• _RAW DATA_:
══════
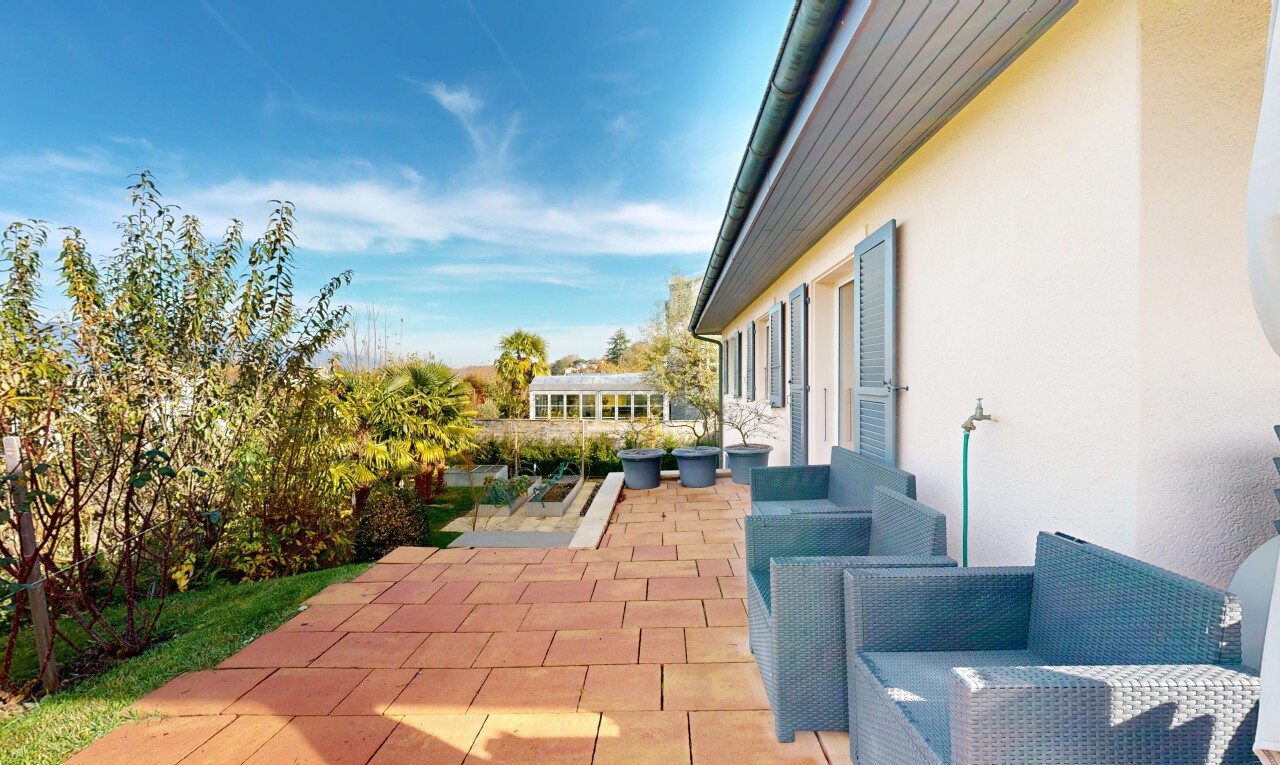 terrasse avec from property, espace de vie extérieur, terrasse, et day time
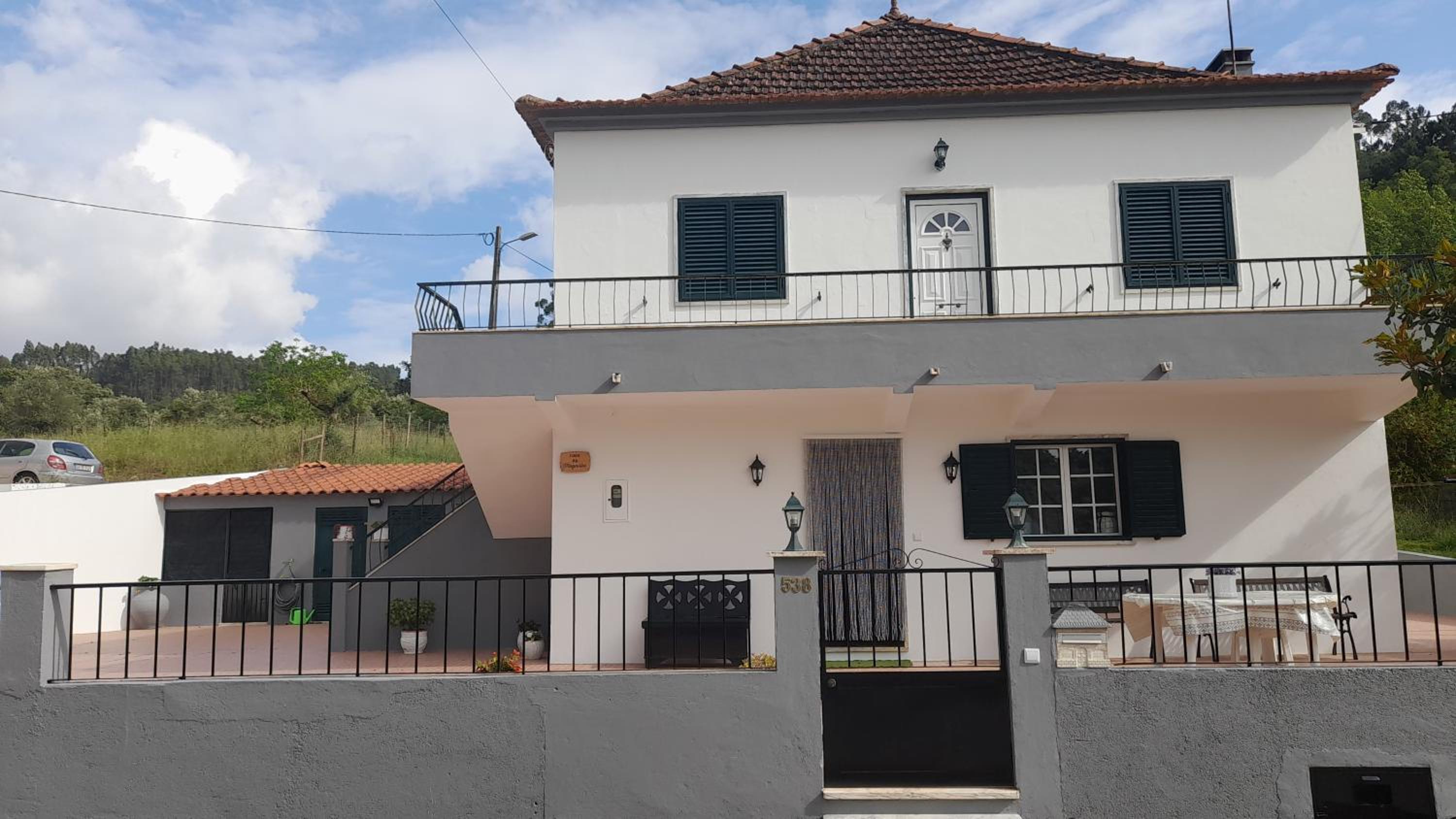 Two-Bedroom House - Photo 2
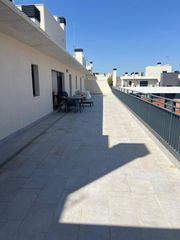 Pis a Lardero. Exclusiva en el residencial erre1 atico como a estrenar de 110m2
══════
Before you return the listing exactly, strip out its pictures.

 terrasse avec from property, espace de vie extérieur, terrasse, et day time
 Two-Bedroom House - Photo 2
 Pis a Lardero. Exclusiva en el residencial erre1 atico como a estrenar de 110m2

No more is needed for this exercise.